Cheng, Wei, Xiang Zhang, Zhishan Guo, Yu Shi, and Wei Wang. 2014. “Graph-Regularized Dual Lasso for Robust eQTL Mapping.” Bioinformatics 30 (12): i139–i148.
Chung, Fan RK, and Fan Chung Graham. 1997. Spectral Graph Theory. 92. American Mathematical Soc.
Meier, Lukas, Sara Van De Geer, and Peter Bühlmann. 2008. “The Group Lasso for Logistic Regression.” Journal of the Royal Statistical Society: Series B (Statistical Methodology) 70 (1): 53–71.
Powell, Michael JD. 2009. “The Bobyqa Algorithm for Bound Constrained Optimization Without Derivatives.” Cambridge NA Report NA2009/06, University of Cambridge, Cambridge.

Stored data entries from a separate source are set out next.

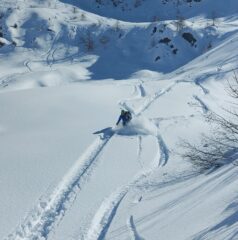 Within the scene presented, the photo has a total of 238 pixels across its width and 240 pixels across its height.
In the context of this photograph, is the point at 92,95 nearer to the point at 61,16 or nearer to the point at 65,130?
the point at 65,130

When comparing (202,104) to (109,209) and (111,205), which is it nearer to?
(111,205)

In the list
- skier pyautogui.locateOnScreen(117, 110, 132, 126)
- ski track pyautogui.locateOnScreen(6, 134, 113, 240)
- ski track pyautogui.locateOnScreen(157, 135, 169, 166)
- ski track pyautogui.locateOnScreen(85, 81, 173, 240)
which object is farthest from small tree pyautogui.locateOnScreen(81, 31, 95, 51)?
ski track pyautogui.locateOnScreen(6, 134, 113, 240)

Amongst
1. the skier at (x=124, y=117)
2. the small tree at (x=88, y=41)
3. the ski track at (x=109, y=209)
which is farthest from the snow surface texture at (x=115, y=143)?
the small tree at (x=88, y=41)

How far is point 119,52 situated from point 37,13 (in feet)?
48.1

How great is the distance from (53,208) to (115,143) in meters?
7.40

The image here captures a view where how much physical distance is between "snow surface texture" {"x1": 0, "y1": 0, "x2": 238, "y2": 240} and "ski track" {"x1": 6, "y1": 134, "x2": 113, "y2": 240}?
0.03m

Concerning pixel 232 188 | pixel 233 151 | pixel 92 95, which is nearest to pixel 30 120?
pixel 92 95

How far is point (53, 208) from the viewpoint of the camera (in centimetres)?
1132

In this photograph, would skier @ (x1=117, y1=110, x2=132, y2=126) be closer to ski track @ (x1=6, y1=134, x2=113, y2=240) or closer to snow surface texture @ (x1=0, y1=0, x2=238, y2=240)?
snow surface texture @ (x1=0, y1=0, x2=238, y2=240)

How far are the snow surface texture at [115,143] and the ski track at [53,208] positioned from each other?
28 millimetres

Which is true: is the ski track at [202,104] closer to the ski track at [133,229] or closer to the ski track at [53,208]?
the ski track at [53,208]

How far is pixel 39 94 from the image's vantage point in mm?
26953

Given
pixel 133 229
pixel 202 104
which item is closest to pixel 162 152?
pixel 133 229

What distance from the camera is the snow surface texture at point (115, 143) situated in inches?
390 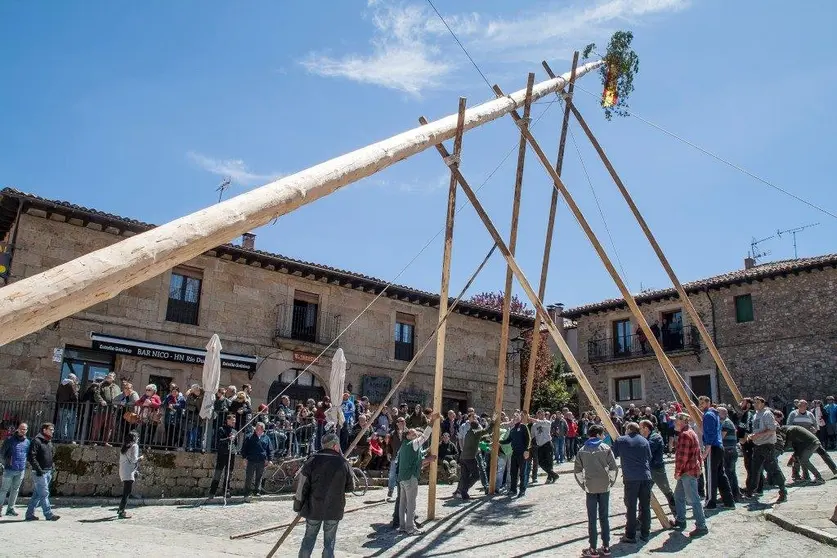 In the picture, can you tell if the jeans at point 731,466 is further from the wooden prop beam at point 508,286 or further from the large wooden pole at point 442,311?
the large wooden pole at point 442,311

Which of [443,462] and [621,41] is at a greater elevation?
[621,41]

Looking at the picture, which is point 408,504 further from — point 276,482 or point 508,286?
point 276,482

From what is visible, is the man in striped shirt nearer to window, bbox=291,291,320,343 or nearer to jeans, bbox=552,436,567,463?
jeans, bbox=552,436,567,463

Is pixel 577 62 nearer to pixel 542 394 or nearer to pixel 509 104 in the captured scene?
pixel 509 104

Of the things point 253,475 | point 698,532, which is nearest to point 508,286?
point 698,532

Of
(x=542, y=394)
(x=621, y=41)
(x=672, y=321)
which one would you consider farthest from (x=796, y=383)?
(x=621, y=41)

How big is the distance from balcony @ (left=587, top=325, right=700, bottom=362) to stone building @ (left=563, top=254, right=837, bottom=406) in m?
0.04

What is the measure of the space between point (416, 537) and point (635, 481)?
3.11m

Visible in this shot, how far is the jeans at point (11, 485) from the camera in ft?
36.4

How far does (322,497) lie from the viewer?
716cm

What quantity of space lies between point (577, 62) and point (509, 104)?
314 cm

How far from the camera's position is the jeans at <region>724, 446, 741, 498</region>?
10836 millimetres

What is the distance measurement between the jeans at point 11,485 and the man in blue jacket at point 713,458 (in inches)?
425

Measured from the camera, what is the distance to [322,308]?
2302 centimetres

Storey, John D, Joshua M Akey, and Leonid Kruglyak. 2005. “Multiple Locus Linkage Analysis of Genomewide Expression in Yeast.” PLoS Biology 3 (8): e267.
Yuan, Ming, and Yi Lin. 2006. “Model Selection and Estimation in Regression with Grouped Variables.” Journal of the Royal Statistical Society: Series B (Statistical Methodology) 68 (1): 49–67.